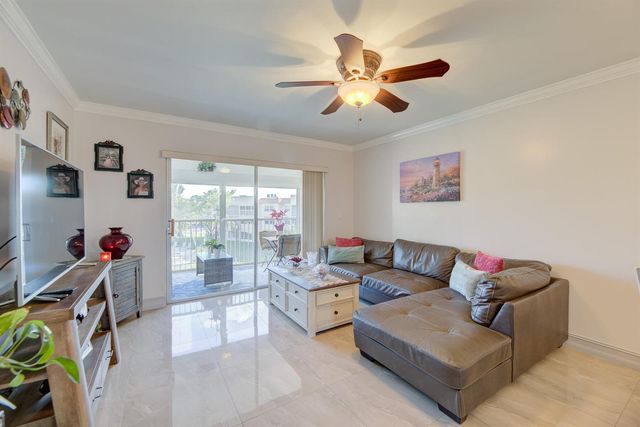 6850 Royal Palm Boulevard 303g, Margate, FL 33063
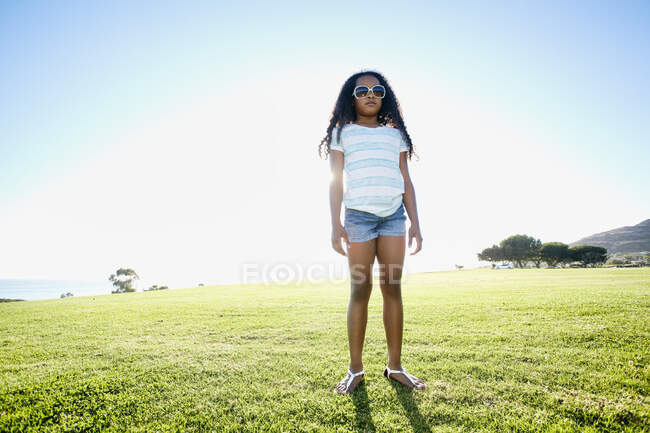 Молодая девушка смешанной расы стоит на улице — стоковое фото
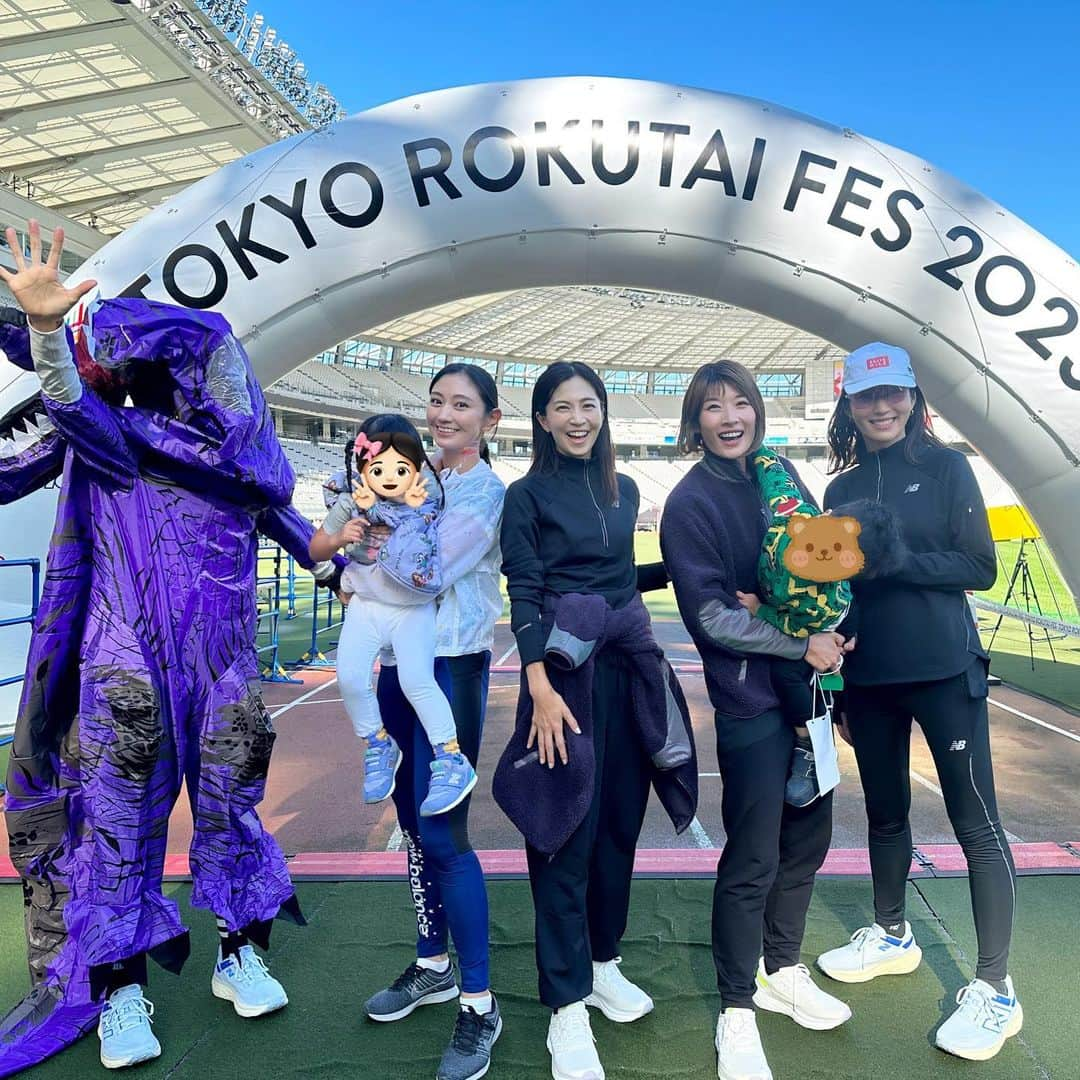 西谷綾子のインスタグラム：「🏟️🏃‍♀️ @tokyorokutaifes  いろんな方達にお会いできて 嬉しく楽しかったぁあ🥰  みんなから沢山のパワーをもらい リフレッシュも出来て また色々頑張れるる🥹🩷  最近じゃんけんが好きな息子👦🏻 #2歳11ヶ月 エクササイズの時にじゃんけんが始まり 張り切っていたが‥😂 (ゲームのルールがわかる方は理由がわかる😆) 写真⑨⑩🤳  Special Thank you♡ @tokyomarathonfoundation  @hashiruhito.jp  @yuito_ueda  @marinakitagawa @newbalance  @newbalancerunning」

Task to complete => All of the listing above must be output exactly, except for its pictures.

Answer box =>
 6850 Royal Palm Boulevard 303g, Margate, FL 33063
 Молодая девушка смешанной расы стоит на улице — стоковое фото
 西谷綾子のインスタグラム：「🏟️🏃‍♀️ @tokyorokutaifes  いろんな方達にお会いできて 嬉しく楽しかったぁあ🥰  みんなから沢山のパワーをもらい リフレッシュも出来て また色々頑張れるる🥹🩷  最近じゃんけんが好きな息子👦🏻 #2歳11ヶ月 エクササイズの時にじゃんけんが始まり 張り切っていたが‥😂 (ゲームのルールがわかる方は理由がわかる😆) 写真⑨⑩🤳  Special Thank you♡ @tokyomarathonfoundation  @hashiruhito.jp  @yuito_ueda  @marinakitagawa @newbalance  @newbalancerunning」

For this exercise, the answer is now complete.